Konkret würde ich es mit einem dieser Devolo Dinger die über die Steckdose das LAN verteilen machen.
W-Lan über solche Entfernungen immer wieder weiterleiten ist sowieso keine gute Idee, zwischen 2 W-LAN Routern mit demselben Internet würde ich prinzipiell ein Kabel legen


----------



## Malkolm (16. Oktober 2014)

*AW: WLAN über 50m*

Mit normalem WLAN (isotrop in alle Richtungen) ist mit den maximal erlaubten Sendeleistungen ein stabiler Betrieb über so weite Distanzen nahezu unmöglich.

Spricht etwas gegen ein Kabel zwischen den Häusern, z.B. vergraben in 1m Tiefe?

Ansonsten kannst du Versuchen Richtantennen zu verwenden zwischen den Häusern.


----------



## Orchris (16. Oktober 2014)

Ich hab ein 50 m langes CAT 6 Kabel probiert. Leider war die Verbindung auch extrem lahm. Auch wenn ich das Kabel von der 7390 direkt am Notebook angesteckt habe.

Ich hätte außerdem noch 2 Devolo Dlan Adapter, aber gehen die so weit?

Das ganze ist ein provisorium, da die Telekom noch bis November braucht um das Dsl umzuschalten.


----------



## Rho (16. Oktober 2014)

*AW: WLAN über 50m*



Rollora schrieb:


> Konkret würde ich es mit einem dieser Devolo Dinger die über die Steckdose das LAN verteilen machen.


Wie soll man damit denn zwei verschiedene Häuser miteinander vernetzen können?



Malkolm schrieb:


> Spricht etwas gegen ein Kabel zwischen den Häusern, z.B. vergraben in 1m Tiefe?


Dann aber im Idealfall auch einen LWL und kein Kupferkabel.



Malkolm schrieb:


> Ansonsten kannst du Versuchen Richtantennen zu verwenden zwischen den Häusern.

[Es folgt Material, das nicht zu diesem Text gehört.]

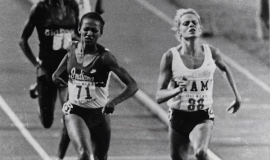 Karen Bakewell racing at NCCA Division I National Track & Field Championships in Indianapolis, 1986.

Sehe ich auch so. Richtfunk erscheint mir in dem Fall noch die einfachste Lösung, falls zwischen beiden Häusern freie Sicht besteht.


----------



## Icedaft (16. Oktober 2014)

*AW: WLAN über 50m*

Das ist zwar fast schon Hardcore, doch wenn man den Aussagen glauben schenken darf, kann man damit schon einige Meter überbrücken.... TP-Link TL-ANT2424B WLAN Antenne: Amazon.de: Computer & Zubehör


----------



## LudwigX (16. Oktober 2014)

*AW: WLAN über 50m*

Hast du schon probiert im erweitertem Setup die Sendeleistung auf 100% zu setzen?

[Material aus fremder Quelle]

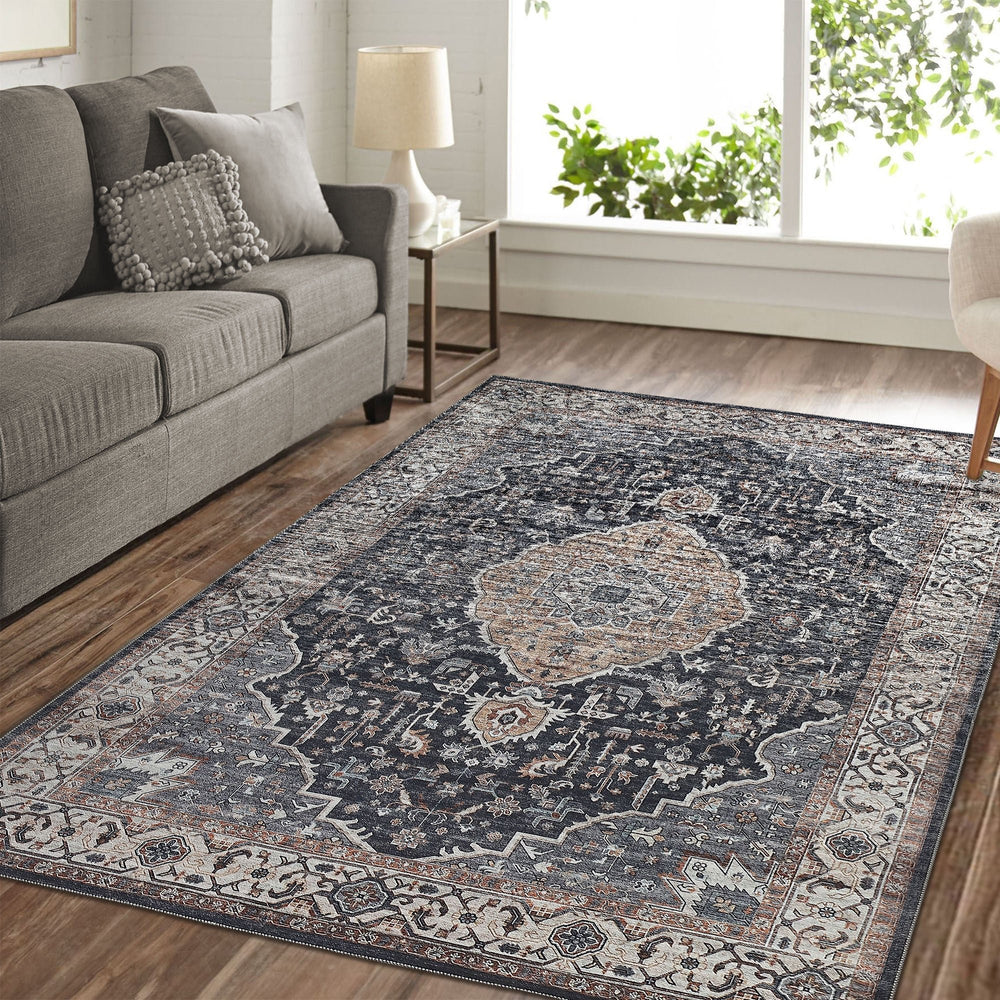 4 X 6 Black Oriental Power Loom Stain Resistant Area Rug Image 2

Können 2 der Fritzboxen 5Ghz Wlan? In den oberen Frequenzen darf man dort mit bis zu 1W senden


----------



## Orchris (16. Oktober 2014)

LudwigX schrieb:


> Hast du schon probiert im erweitertem Setup die Sendeleistung auf 100% zu setzen?  Können 2 der Fritzboxen 5Ghz Wlan? In den oberen Frequenzen darf man dort mit bis zu 1W senden



Beide können 5Ghz. Die Sendeleistung ist bei beiden 100%


----------



## TheBadFrag (17. Oktober 2014)

*AW: WLAN über 50m*



Orchris schrieb:


> Ich hab ein 50 m langes CAT 6 Kabel probiert. Leider war die Verbindung auch extrem lahm. Auch wenn ich das Kabel von der 7390 direkt am Notebook angesteckt habe.

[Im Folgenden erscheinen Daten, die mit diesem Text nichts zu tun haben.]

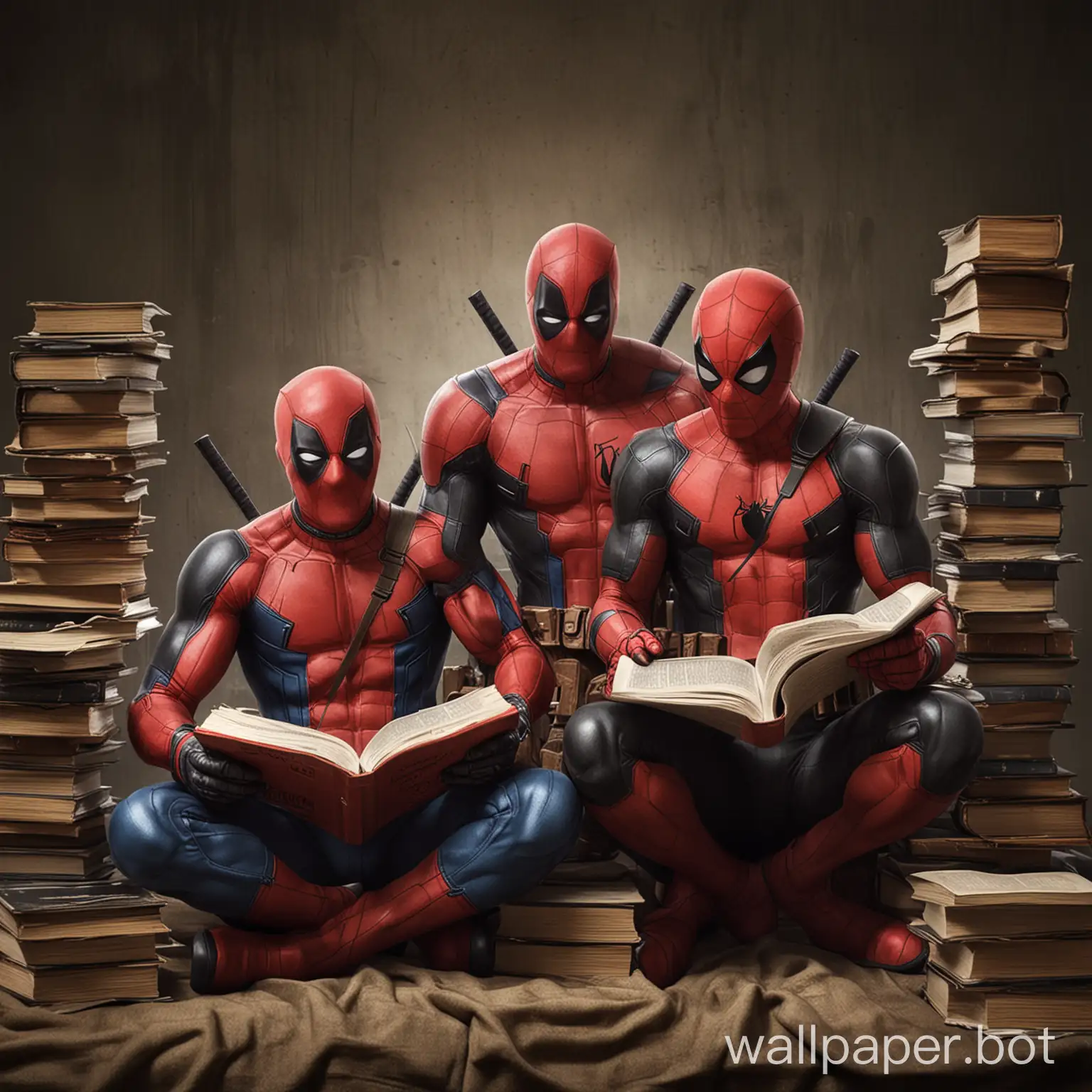 Deadpool and spiderman reading books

 Kann nicht sein. Selbst bei einem 100 Meter Kabel hat man volle 1GBit/s (etwa ~920MBit/s nutzbar). Das wird einen anderen Grund gehabt haben.

Kabel ist immer noch besser als eine Richtfunk Verbindung.



Icedaft schrieb:


> Das ist zwar fast schon Hardcore, doch wenn man  den Aussagen glauben schenken darf, kann man damit schon einige Meter  überbrücken....  TP-Link  TL-ANT2424B WLAN Antenne: Amazon.de: Computer & Zubehör


 Bei guter Ausrichtung gehen die locker 1-2 Kilometer mit gutem Speed. Dann braucht man aber was anderes als Fritzboxen, wo man die auch anschließen kann.


----------



## nfsgame (17. Oktober 2014)

*AW: WLAN über 50m*



Orchris schrieb:


> Ich hab ein 50 m langes CAT 6 Kabel probiert. Leider war die Verbindung auch extrem lahm. Auch wenn ich das Kabel von der 7390 direkt am Notebook angesteckt habe.


 
Liegt dann nicht am Kabel. Laut Spezifikation kannst die die vollen 1GBit/s bis 100m Abschnittlänge durchjagen ohne Verluste. Wenn an beiden eine der beiden Frotzboyen beteiligt war/ist, dann würde ich da mal ansetzen .


----------



## danomat (18. Oktober 2014)

Falls budget vorhanden ist  
http://www.amazon.de/gp/aw/d/B00CQHHO1S/ref=mp_s_a_1_3?qid=1413584121&sr=8-3&pi=SY200_QL40

Wir nutzen 2 davon wenn wir lan party machen. 500m ohne probleme


----------



## LudwigX (26. Oktober 2014)

*AW: WLAN über 50m*



Orchris schrieb:


> Beide können 5Ghz. Die Sendeleistung ist bei beiden 100%


 
Auf welchem Kanal? 1W ist nur in den höheren Frequenzbereichen erlaubt


----------